Wasps are very active especially in late summer, so allergy sufferers should be very careful when eating and drinking outdoors at this time, because wasps are particularly attracted to sweet drinks and grilled meat. Overflowing rubbish bins, for example at rest areas or in swimming pools, should also be avoided as wasps like to hang out here. If you want to keep a wasp away, lemon slices studded with cloves are a proven household remedy.

Wasps find this smell repulsive. So that you are also protected from possible stings in the house, it is recommended for people who suffer from a wasp venom allergy to attach insect nets to the windows in summer.

Aftercare

In the case of a wasp venom allergy, those affected usually only have very limited measures or options for aftercare. The disease itself cannot be completely cured and is usually congenital. Therefore, a wasp sting should be avoided as far as possible, so that there are no complications or other complaints for the person concerned.

If a sting should occur, action must be taken quickly. The person affected must take some medication that can relieve and limit the symptoms. All doctor’s instructions must be followed to avoid side effects. In some cases, the wasp venom allergy can also be relieved. It is also recommended that the person concerned always carries an emergency kit with them so that they can be treated immediately in the event of a sting.
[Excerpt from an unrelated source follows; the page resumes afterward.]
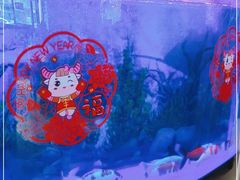 -陈记麻辣烫(浦口道店)
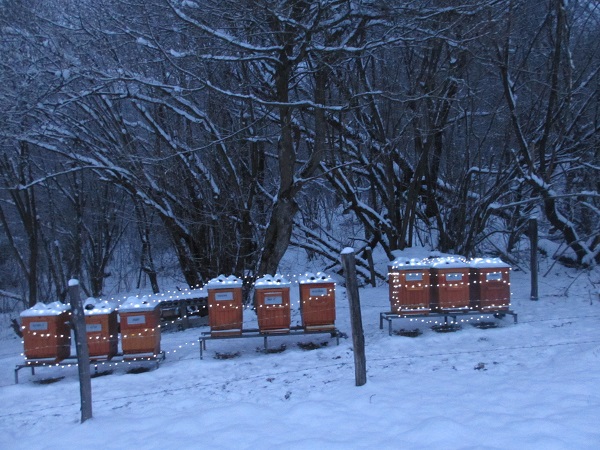 Najväčšiu hodnotu má včelstvo po zime. Vtedy je aj najväčší dopyt.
If such a set is not available, an ambulance should be called immediately or the hospital should be visited. Wasp venom allergy does not usually reduce the life expectancy of the person affected if a possible sting is treated immediately. In summer, eating and drinking outdoors should be avoided in order not to attract the wasps. Further aftercare measures are not available to those affected by the wasp venom allergy.

You can do that yourself

Basically, it is important to avoid wasps as much as possible. Since wasps are particularly active in late summer, allergy sufferers should be very careful when eating and drinking outside – wasps are particularly attracted to sweet drinks and grilled meat. A wide berth should also be avoided around overfilled waste baskets, such as those found at rest stops or in swimming pools.

In order to keep wasps away, a tried and tested household remedy should be used – lemon slices studded with cloves. Wasps find this smell repulsive. In order to be adequately protected in the house as well, it is recommended for people who suffer from a wasp venom allergy to attach insect nets to the windows in the warm season.

People who know that they suffer from a wasp sting allergy should not leave the house without an emergency kit, especially in late summer. Such a set contains not only a specific antihistamine, but also cortisone and adrenaline. If, despite absolute caution, a wasp sting occurs, this emergency set should be used and should be sufficient for first aid measures. Of course, it is important that those affected familiarize themselves with the medication beforehand so that they can use it immediately in an emergency.